Sneakers for ever
Après avoir vu le documentaire “Sneakers, le culte des baskets” de Lisa Leone et Thibaut De Longeville, je suis obligé de revenir sur cette saga de 30 ans qui a fait des chaussures de sport des objets cultes grâce à une association improbable de business, sport, et culture urbaine.
Tout a changé pour le marché de la chaussure de sport dans les années 80, lorsque la culture hip-hop s’est appropriée les sneakers pour en faire le symbole de son style de vie.
Désormais, les prescripteurs de tendance n’étaient plus les athlètes mais les B-Boys d’Harlem adeptes du Hip-Hop. Coup de poker gagnant ! Les multi-nationales ont compris ce qui se passait et ont soutenus les rappeurs : la machine à cash était lancée.
Puis un certain Mickael Jordan sponsorisé par Nike à mis tout le monde d’accord en synthétisant la performance sportive et l’esprit de la rue. Et sa Air Jordan a fait un carton, tout le monde s’est mis à en porter. Les baskets sont devenues alors des objets de désir si importants qu’elles étaient même devenues la cause d’agressions !
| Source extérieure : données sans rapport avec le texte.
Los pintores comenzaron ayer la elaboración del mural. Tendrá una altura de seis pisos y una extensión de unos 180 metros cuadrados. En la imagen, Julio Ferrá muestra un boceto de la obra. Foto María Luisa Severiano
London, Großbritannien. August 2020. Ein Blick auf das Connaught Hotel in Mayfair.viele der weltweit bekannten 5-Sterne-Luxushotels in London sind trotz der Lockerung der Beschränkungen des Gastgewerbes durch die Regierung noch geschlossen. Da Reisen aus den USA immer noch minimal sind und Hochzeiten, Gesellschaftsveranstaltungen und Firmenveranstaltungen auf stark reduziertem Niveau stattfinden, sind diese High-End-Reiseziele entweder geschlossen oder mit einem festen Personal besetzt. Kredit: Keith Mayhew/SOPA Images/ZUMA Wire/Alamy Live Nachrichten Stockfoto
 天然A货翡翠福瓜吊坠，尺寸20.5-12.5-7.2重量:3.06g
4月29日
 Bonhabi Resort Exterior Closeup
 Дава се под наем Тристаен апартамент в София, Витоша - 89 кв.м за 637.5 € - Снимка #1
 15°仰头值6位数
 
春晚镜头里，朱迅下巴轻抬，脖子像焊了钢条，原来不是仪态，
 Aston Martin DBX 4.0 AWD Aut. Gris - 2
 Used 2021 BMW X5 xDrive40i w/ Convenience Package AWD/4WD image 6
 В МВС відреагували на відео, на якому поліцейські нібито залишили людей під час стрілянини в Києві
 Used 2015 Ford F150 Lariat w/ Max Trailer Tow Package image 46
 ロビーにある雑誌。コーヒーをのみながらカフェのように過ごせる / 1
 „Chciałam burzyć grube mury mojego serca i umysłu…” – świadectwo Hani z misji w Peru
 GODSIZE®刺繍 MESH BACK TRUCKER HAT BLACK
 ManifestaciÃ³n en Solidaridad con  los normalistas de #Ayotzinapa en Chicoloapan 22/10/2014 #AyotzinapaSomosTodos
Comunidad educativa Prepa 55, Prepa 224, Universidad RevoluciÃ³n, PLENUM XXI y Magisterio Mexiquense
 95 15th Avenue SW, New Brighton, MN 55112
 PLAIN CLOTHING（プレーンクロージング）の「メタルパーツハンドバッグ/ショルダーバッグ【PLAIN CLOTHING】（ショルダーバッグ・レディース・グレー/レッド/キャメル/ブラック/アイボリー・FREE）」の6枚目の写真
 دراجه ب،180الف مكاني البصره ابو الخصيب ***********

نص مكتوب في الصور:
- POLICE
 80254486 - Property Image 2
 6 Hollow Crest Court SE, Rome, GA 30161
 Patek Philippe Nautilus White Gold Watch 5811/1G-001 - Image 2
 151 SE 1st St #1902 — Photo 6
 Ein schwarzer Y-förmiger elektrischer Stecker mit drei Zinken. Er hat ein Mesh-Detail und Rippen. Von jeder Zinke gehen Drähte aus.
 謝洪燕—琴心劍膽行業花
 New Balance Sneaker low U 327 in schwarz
Et aujourd’hui, si les jeunes des années 80 et 90 ont grandi, la magie opère toujours. Ils sont loin d’avoir abandonné leurs chaussures préférées et certains sont même devenus sneakers addicts, accumulant plusieurs centaines de paires. Un comportement irrationnel qui cache une nostalgie de cette époque, mais témoigne aussi de la place des baskets comme icône indémodable de notre culture (de consommation) mondialisée.
Les baskets ont définitivement un pied dans chacun des univers : les Jay-Z, 50 Cents & co gèrent maintenant leurs propres marques main dans la main avec les équipementiers sportifs alors que la NBA constitue toujours un étendard fédérateur pour toutes les communautés et générations.